Competing interests: The authors have received money from commercial sources including: Abbvie, Avid Radiopharmaceuticals, Biogen Idec, Bristol-Myers Squibb, Covance, GE healthcare, Genentech, GlaxoSmithKline, Lilly, Lundbeck, Merck, Meso Scale Discovery, Pfizer, Piramal, Roche, Servier, and UCB. This does not alter the authors' adherence to PLOS ONE policies on sharing data and materials.
Parkinson’s disease (PD) is a debilitating neurodegenerative disease characterized by the progressive loss of dopaminergic neurons in the substantia nigra pars compacta. Although PD has been largely recognized as a classical movement disorder, non-motor symptoms including constipation, hyposmia, depression, sleep behavior disorders are now being recognized as early prodromal symptoms of the disease [1, 2]. Diagnosis of PD remains challenging and there is a 20–30% misdiagnosis rate with atypical parkinsonian disorders . To date, diagnosis of PD is based on the assessment of clinical motor symptoms. The lack of a robust biomarker with high sensitivity and specificity has greatly hampered the validation of potential therapeutics.
Blood biomarkers are emerging as promising diagnostic tools for PD. Altered expression of several RNAs [4–8]and microRNAs [9, 10] have been identified in medicated PD patients, although, very few RNA biomarkers have been replicated in samples from independent clinical studies.
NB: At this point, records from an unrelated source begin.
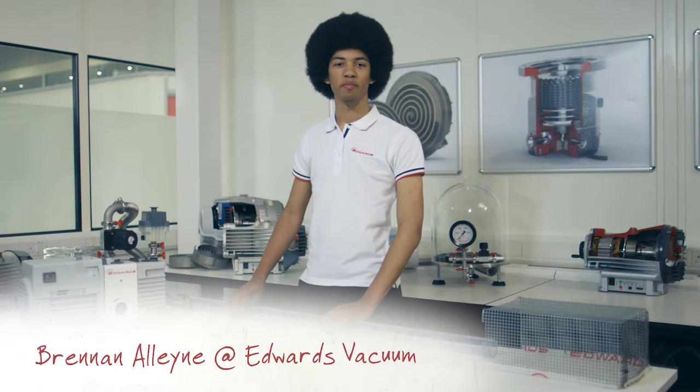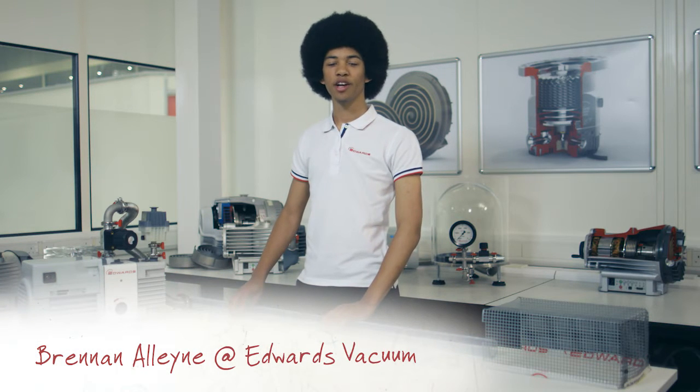Hi, I'm Brennan from Edwards Vacuum, and I'm here today in our Global Technology Centre, UK. I'd like to show you an experiment demonstrating the equalising of pressures.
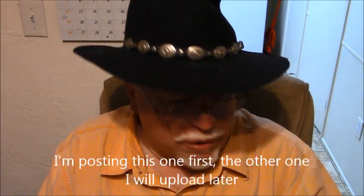Good evening, everybody. Michael Soothing here, and I have another unboxing video for you.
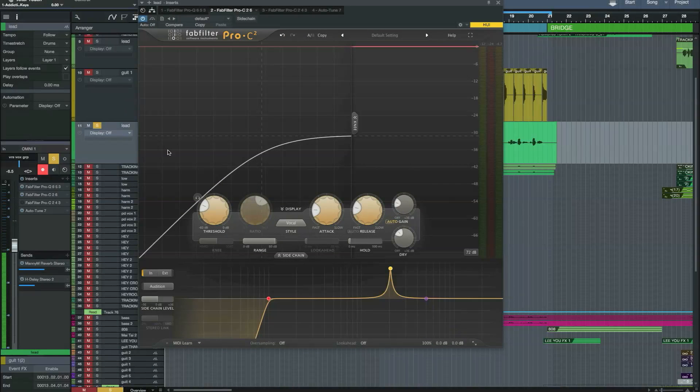Hi, this is Paul Drew from Production Expert. Today I'm reviewing the FabFilter Pro-C 2 compressor plug-in. This is an upgrade to the previous Pro-C compressor, which was a great plug-in. So I was really looking forward to seeing what the difference was in the new version.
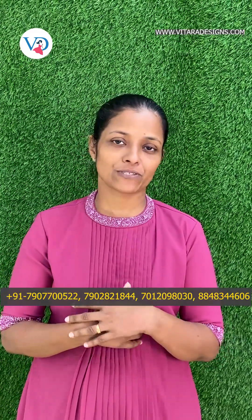Hi everyone, it's a different episode. Welcome again, welcome back. Today we're going to do a small collection and offer videos as well.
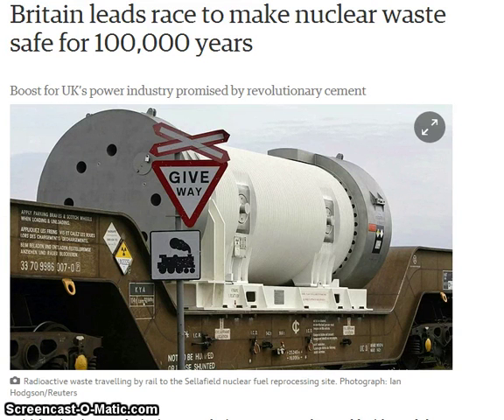This is an image of a container designed by the British to make nuclear waste safe for a hundred thousand years. I just wanted to comment that this is a container that must be carrying a lot of bananas. I just thought I'd put this up — this is how bananas are now being transported.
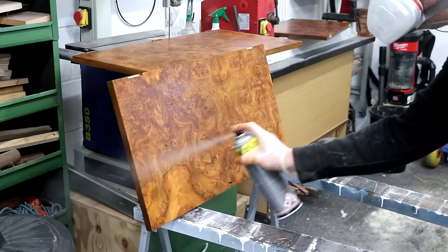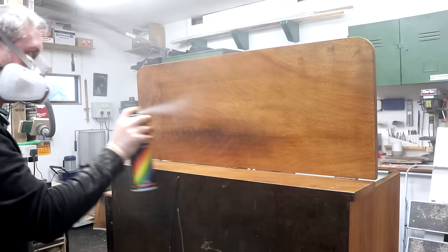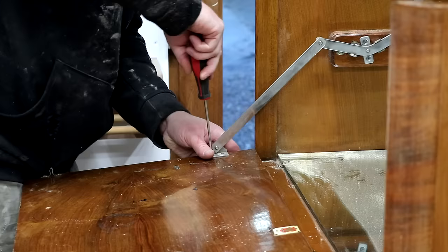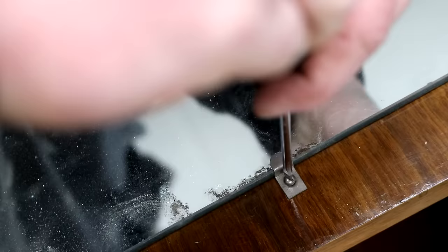For a final top coat I used acrylic spray varnish, mainly because it dries quickly and this project was overrunning so I was keen to get it out of the workshop. At this point I could reattach the doors, handles and mirror.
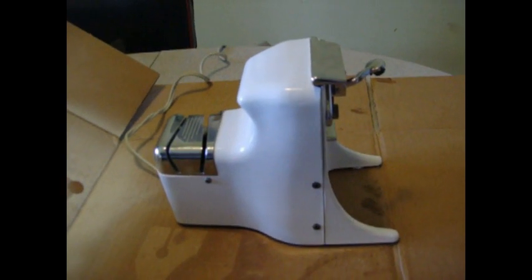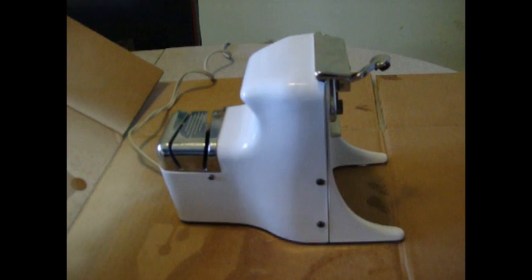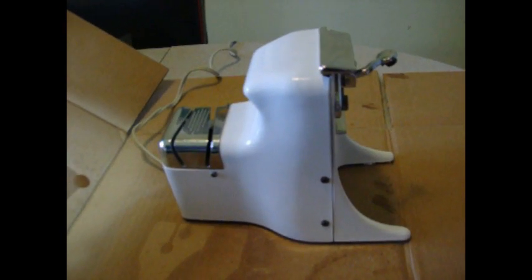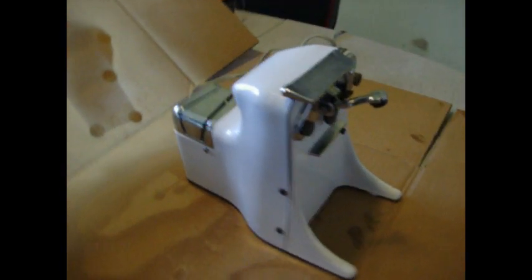This is a 1956 Utico electric can opener. This is the first commercially successful electrical can opener made in the United States. It was released around Christmas of 1956.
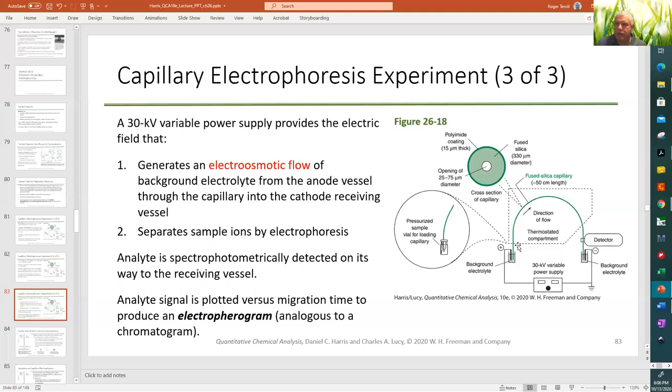The electric field acts on three components: the bulk water, anions individually, and cations individually. Neutral molecules simply travel with the water. Plotting detector signal versus time produces an electropherogram.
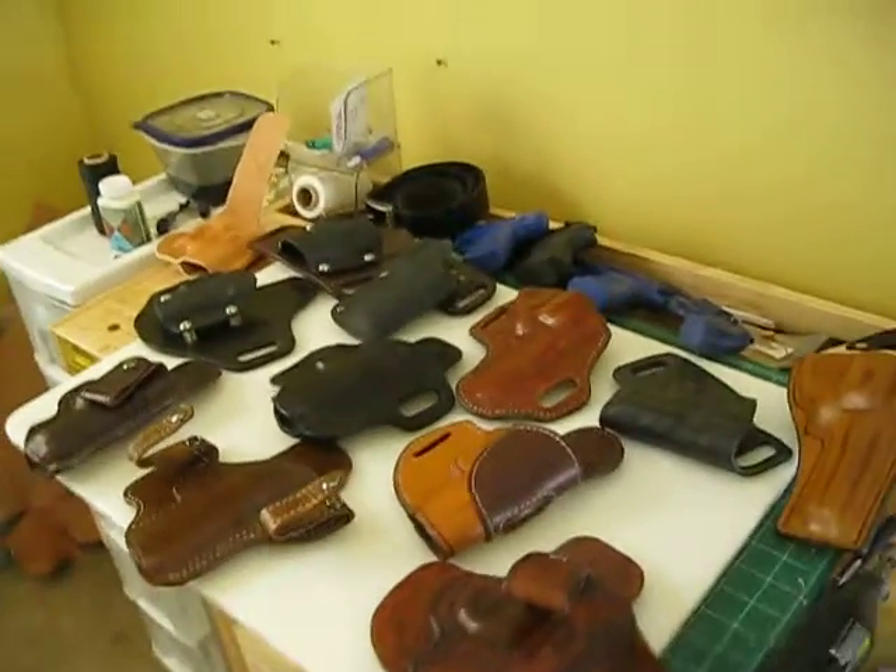Hello everybody. I'm Roger. I'm the owner of HoraceHolsters.com. I thought I would just do a quick video on what I make.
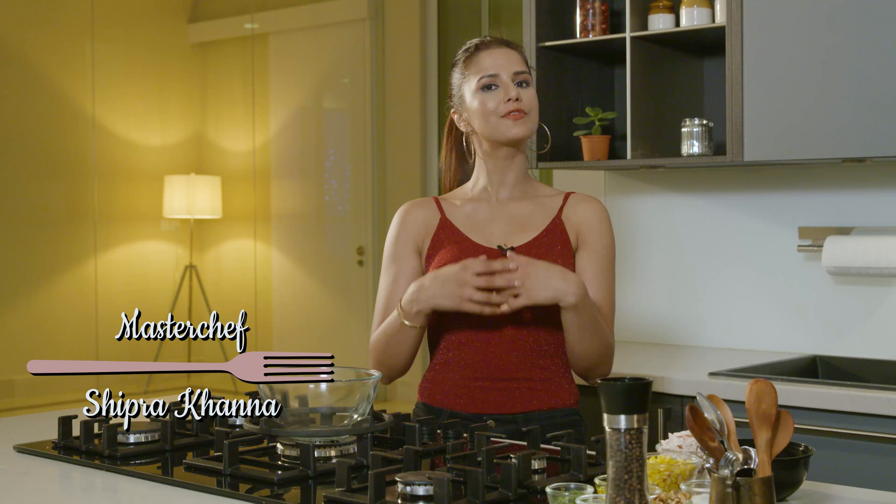Hi Friends, welcome to Health On Your Plate. I'm Chef Shipra Khanna and I've got some amazing, delectable health recipes for you. Today I'm going to make Chicken and Corn Salad with a yummy dressing. So let's get started.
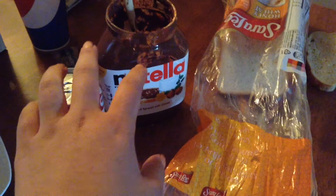Ooh, Nutella. No, I can't fall for it. Maybe just one. No, I can't do it.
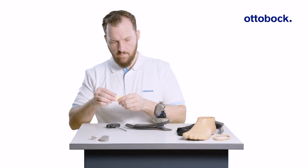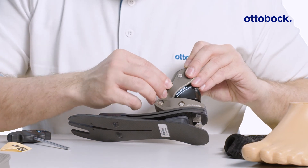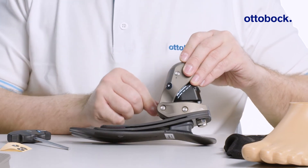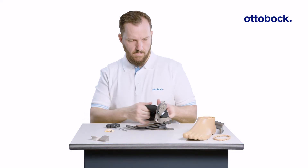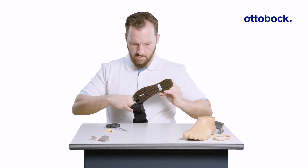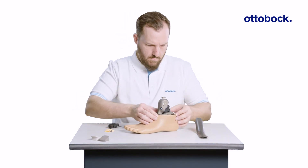Next, place a colored sticker on the subtle alignment marking on the ankle for better visualization during the alignment process. Finally, put on the spectra sock and don the footshell. Now the Taleo ADAPT is ready to be bench aligned.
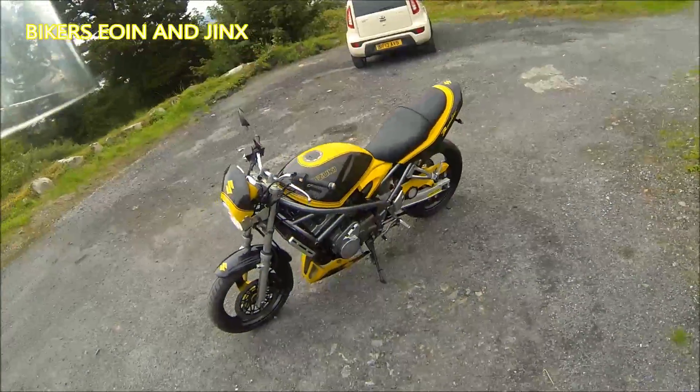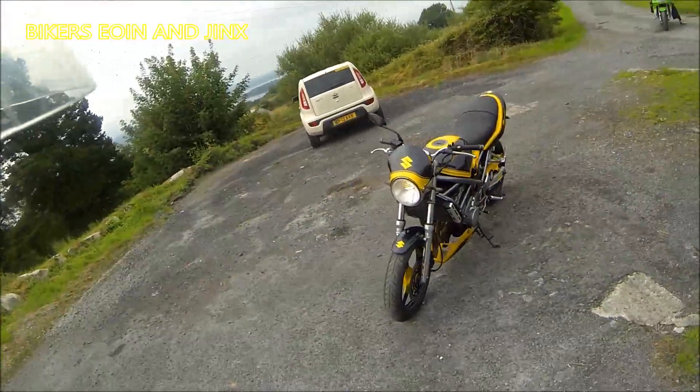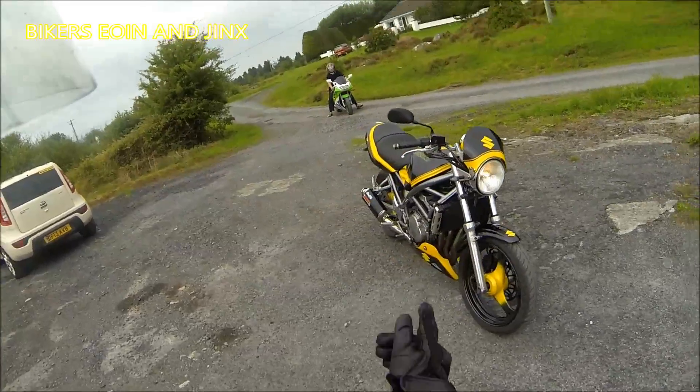There she is, in all her glory. Lovely paint job, she's got the belly pan, the screen on the front.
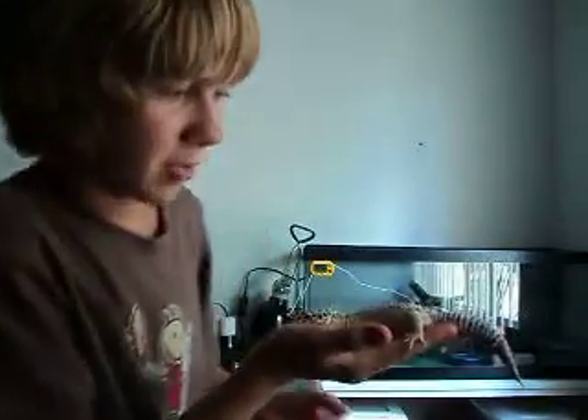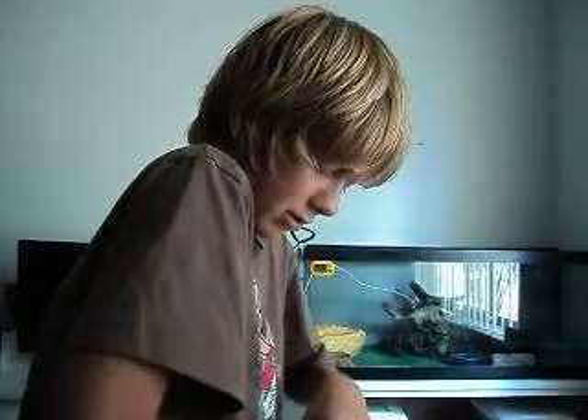Like I said, the gecko we have here today is just about to shed. He kind of looks like a ghost — he's really pale and doesn't look very good right now.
For instance, a molecular signature in blood composed of 13 splice variants, including C5ORF4, COPZ1, MACF1, WLS, PRG3, ZNF160, EFTUD2, MAP4K1, MPP1, PKM2, SLC14A1-s, SLC14A1-l and ZNF134, was useful to distinguish PD patients from atypical parkinsonian disorders and healthy controls (HC) nested in the Diagnostic and Prognostic Biomarkers for Parkinson’s Disease (PROBE) with 90% sensitivity and 94% specificity . Seven out of the 13 biomarkers including C5ORF4, COPZ1, MACF1, WLS, PRG3, ZNF160 and EFTUD2, were replicated in blood of PD patients and HC nested in the Harvard Biomarker Study (HBS) with 78% sensitivity and 90% specificity . Using network-based approaches, other potential RNA biomarkers including APP, SOD2, HNF4A and PTBP1 were identified as useful for distinguishing PD patients from HC [13–16]. Among this group, HNF4A and PTBP1 were able to distinguish PD patients from HC with 90% sensitivity and 80% specificity.
Despite this progress, PD patients enrolled in all of these studies were already medicated. More recently, one study identified several candidate biomarkers in untreated PD patients, but these have yet to be validated . To test whether markers that have been replicated in independent clinical trials are also useful for diagnosing unmedicated PD patients, we evaluated ten RNA biomarkers in early-stage drug-naïve PD patients and HC enrolled in the Parkinson’s Progression Markers Initiative (PPMI) . We identified three potential blood biomarkers, COPZ1, EFTUD2 and PTBP1 mRNAs that correlated with clinical features in the largest to date cohort of untreated PD patients. Further, EFTUD2 and PTBP1 may be useful to distinguish PD patients with cognitive impairment. Evaluation of these potential biomarkers in a larger longitudinal study and patients at risk of PD is warranted.
Material and Methods
PPMI is an ongoing 5-year observational, longitudinal, and multi-center study of drug-naïve patients with early stage PD (n = 423) and HC (n = 196) recruited from 32 clinical sites in Australia, United States of America (USA) and Europe . A power analysis based on each biomarker from our previous studies [12–15], indicated that a minimum fold change of 1 between PD and controls could be detected with a 95% power using 100 samples per group. Thus, we selected a total of 200 participants, 99 PD patients and 101 age and sex matched HC nested in the PPMI study PD patients that had a dopamine transporter deficit assessed by DaTscan imaging. PD patients with a Hoehn and Yahr stage I or II were chosen for this study so that we could relate the results to our earlier studies on medicated patients at these stages of the disease. Healthy individuals were cognitively normal, free of neurological disorder, and with no detectable dopamine transporter deficit. Among the 99 PD patients, we selected 35 patients with cognitive impairment as defined by a Montreal Cognitive Assessment (MoCA) score of less than 26. Demographic and clinical characteristics about the study participants are shown in Table 1. The Institutional Review Boards of Rosalind Franklin University of Medicine and Science and all sites participating in the PPMI study approved the study. Written informed consent was obtained from all participants before inclusion in the study. All participants were evaluated for clinical features by investigators at each participant site. More information about study participants have been described elsewhere  and at the PPMI website (http://www.ppmi-info.org/).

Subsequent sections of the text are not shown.